Friday, February 14, 2014

Inflation and Deflation

Looking few years back we often realize that for the same amount of money we were able to buy more things. Some people are complaining that even with a higher salary today they are poorer than earlier. Finally talking to our grand parents we can easily realize that when they were young they were living in a completely different price system than we do. These phenomenons can be explained by probably the most popular economic indicator called inflation. Inflation is very often mentioned by different people in various situations but often there is a lot of confusion around this term. Let's look inside the mechanisms affecting the prices we have to pay to buy goods and services we need.
Inflation refers to a persistent increase in the general price level of goods and services in an economy over a period of time.
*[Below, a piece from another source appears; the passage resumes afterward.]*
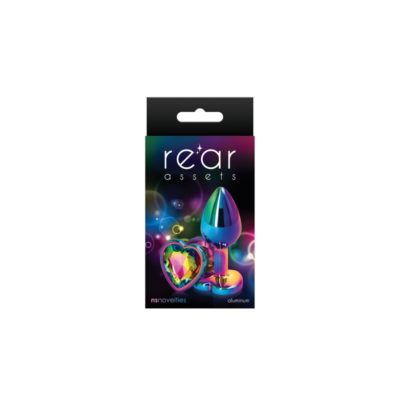 NS Novelties Rear Assets Multicolor Heart  - Small -  Rainbow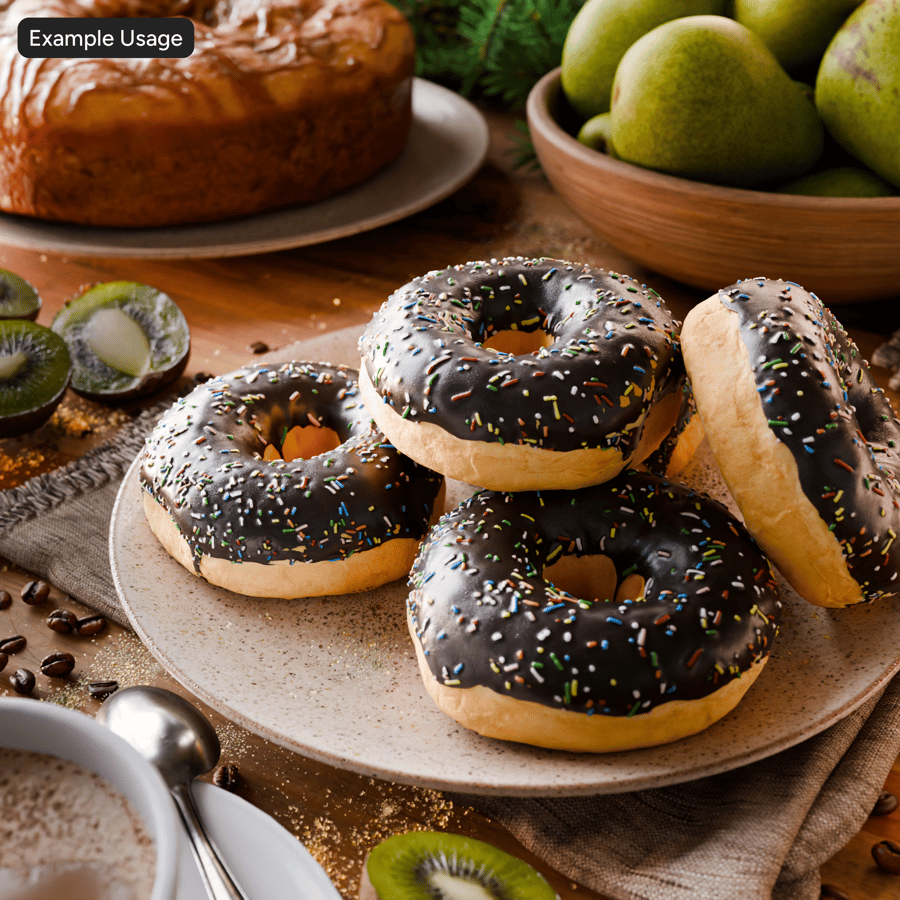 Rainbow Sprinkle Glaze Food Texture, Chocolate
In other words during inflation times for the same amount of money we can buy less goods or we can also say that purchasing power of money reduces. The opposite process called deflation when prices are decreasing and the money's purchasing power increases.

Inflation

Rising inflation is something that people don't usually like to hear about. However in many developed countries today the low inflation is considered as an economic problem. I'm writing these words 2 days before ECB meeting where the president Mario Draghi will certainly try to suggest additional tools to fight "too low" euro zone's inflation. Something is wrong here, isn't it? Indeed inflation is quite complex phenomenon. Unlike deflation, which is almost always bad, inflation can be either bad or good depending on its pace.
As long as inflation refers to the higher prices it means that profits of the corporations increase, so they hire more workers, this sends wages up, so people can afford more goods, so demand increases, and the prices keep going up. This sequence sounds good, isn't it? Indeed inflation around 2%-3% is a characteristic if a healthy growing economy. The key point in the sequence presented above is wages that are supposed to go up a long with prices. If it is not the case inflation can become dangerous and in some extreme cases can cause an economic collapse.
One of types of dangerous inflation is hyperinflation when general price level within an economy increases rapidly as the currency quickly loses real value. Meanwhile, the real value of goods generally stays the same, and remain relatively stable in terms of foreign currencies. In such conditions usually the wages are not following the pace of the price rising and people can afford less and less of goods.
Another a bit less dangerous type of inflation is a stagflation. This is a situation when the inflation rate is high, the economic growth rate slows down, and unemployment remains steadily high. This situation is difficult to deal with as the governments are usually facing a dilemma for economic policy since actions designed to lower inflation may exacerbate unemployment, and vice versa.

Deflation

We are not talking very often about deflation but this is a natural economic process going closely along with progress. Indeed as technology improves we are now able to produce things cheaper and quicker, a lot of jobs were moved to Asia bringing production costs lower etc. So deflation is something constantly happening in the economy. But we don't really see prices falling. Indeed in the most common scenario deflation is offset by inflation. In other words these are parallel mutually compounding processes where inflation usually winning.
Why deflation is dangerous?
It sounds like a good news that things are becoming cheaper. But unfortunately these good news are hiding much worse consequences. As explained earlier, dynamic economy is likely to produce some inflation. If this healthy inflation is unable to offset deflation it means that country's economy is likely to slow down and probably there is a risk of recession. But probably even more dangerous effect of the deflation is an increase of the debt. Indeed in the developed countries both governments and households are heavily indebted and when money becomes more expensive then your net debt increases as well. This scenario is unacceptable for most of governments especially the United States having a huge debt.
Why deflation is unlikely?
As we are not living in the gold standard era, the purchasing power of the currencies can be easily manipulated by central banks and governments. As long as government doesn't want to see its debt rising it will always act whenever a risk of deflation appears. Indeed central banks usually have a monopoly on printing currency and increasing/decreasing money supply. So they are armed enough to fight deflation if needed.